I am a big fan of US economist and academic Glenn Loury. He is smart, honest and well-articulated. He is also not afraid of an intellectual scrap if he stumbles upon one. He is an indispensable public commentator and intellectual whose ideas and influence go far beyond the confines of race, and associated social issues, in the US where he has staked his claim to fame and authority most comprehensively. Glenn has an impressive back-catalogue of writing and citations, but the best way to get a sense of him is by listening to his podcast the Glenn Show, which can be found on all the usual platforms. I am also a big fan of his co-conspirator, John McWorter, a US linguist and public intellectual, with whom Glenn runs a bi-weekly conversation on his podcast, and Q&A for paying subscribers. It is a must-listen. On this occasion, however, I want to recommend Glenn’s recent discussion with Larry Kotlikoff, a US academic economist, in which they discuss the economic policy ideas of the two candidates in the upcoming US presidential election ideas, and the US economy more generally. As the title of the podcast goes; if only we had an economist in the White House!


Life History theory

I am currently tidying up some of my writing on demographics after finishing the fifth chapter in my long-running project to explore the drivers and consequences of global demographic shifts. As part of this process, which includes re-writing some of my work to make it suitable for “audification” (see the first example here), I re-read some papers on Life History Theory, LHT, and in particular, works by Ruth Mace, professor of evolutionary anthropology at UCL. Mace’s work remains one of the best gateways into understanding the fundamental drivers of fertility in so-called natural fertility societies, and how such drivers have shifted, and may have become warped, by modernity. This is the question of how to explain, with an evolutionary lens, why the correlation between birth rates and rising wealth/income appears to be negative in a modern context, or at least not as straightforwardly positive as a simple evolutionary framework would suggest. From the perspective of LHT, this shift occurs because the inherent trade-offs for humans have shifted over time, and decisively in the context of the industrial revolution and modernity.
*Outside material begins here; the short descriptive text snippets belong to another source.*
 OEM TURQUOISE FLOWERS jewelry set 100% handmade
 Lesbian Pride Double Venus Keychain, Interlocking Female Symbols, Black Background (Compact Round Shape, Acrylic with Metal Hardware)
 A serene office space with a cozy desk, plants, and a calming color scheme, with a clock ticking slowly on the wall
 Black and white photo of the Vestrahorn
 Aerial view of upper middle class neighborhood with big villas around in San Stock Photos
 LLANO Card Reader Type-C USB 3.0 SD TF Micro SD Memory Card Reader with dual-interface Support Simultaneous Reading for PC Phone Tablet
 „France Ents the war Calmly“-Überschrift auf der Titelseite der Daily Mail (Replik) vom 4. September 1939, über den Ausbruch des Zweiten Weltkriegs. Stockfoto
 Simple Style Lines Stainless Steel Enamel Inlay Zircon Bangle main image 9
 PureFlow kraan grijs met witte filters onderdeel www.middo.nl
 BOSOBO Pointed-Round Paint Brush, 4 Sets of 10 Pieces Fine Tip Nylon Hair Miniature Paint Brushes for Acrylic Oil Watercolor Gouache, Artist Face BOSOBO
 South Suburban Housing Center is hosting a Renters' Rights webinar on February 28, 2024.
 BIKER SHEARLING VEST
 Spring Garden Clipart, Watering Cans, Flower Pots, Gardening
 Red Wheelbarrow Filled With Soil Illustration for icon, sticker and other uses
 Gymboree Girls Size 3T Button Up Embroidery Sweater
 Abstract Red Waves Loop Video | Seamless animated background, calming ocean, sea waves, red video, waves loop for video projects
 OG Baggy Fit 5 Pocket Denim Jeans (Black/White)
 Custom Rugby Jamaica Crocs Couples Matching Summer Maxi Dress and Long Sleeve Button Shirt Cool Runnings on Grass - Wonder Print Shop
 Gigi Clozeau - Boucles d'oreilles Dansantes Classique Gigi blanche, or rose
Kaplan and Gangstead (2004) describes LHT as follows:

LHT provides a framework that addresses how, in the face of tradeoffs, organisms allocate time and energy to tasks and traits in a way that maximizes their fitness. Optimal allocations vary across the life course and, hence, LHT generally concerns the evolutionary forces that shape the timing of life events involved in development, growth, reproduction, and aging.

I explain LHT in more detail in the fourth chapter of my demographics project. For an introduction on Ruth Mace’s work and LHT, this paper from 2000 and this paper from 2014 are good places to start. The following passage from the first is a good summary of the key idea.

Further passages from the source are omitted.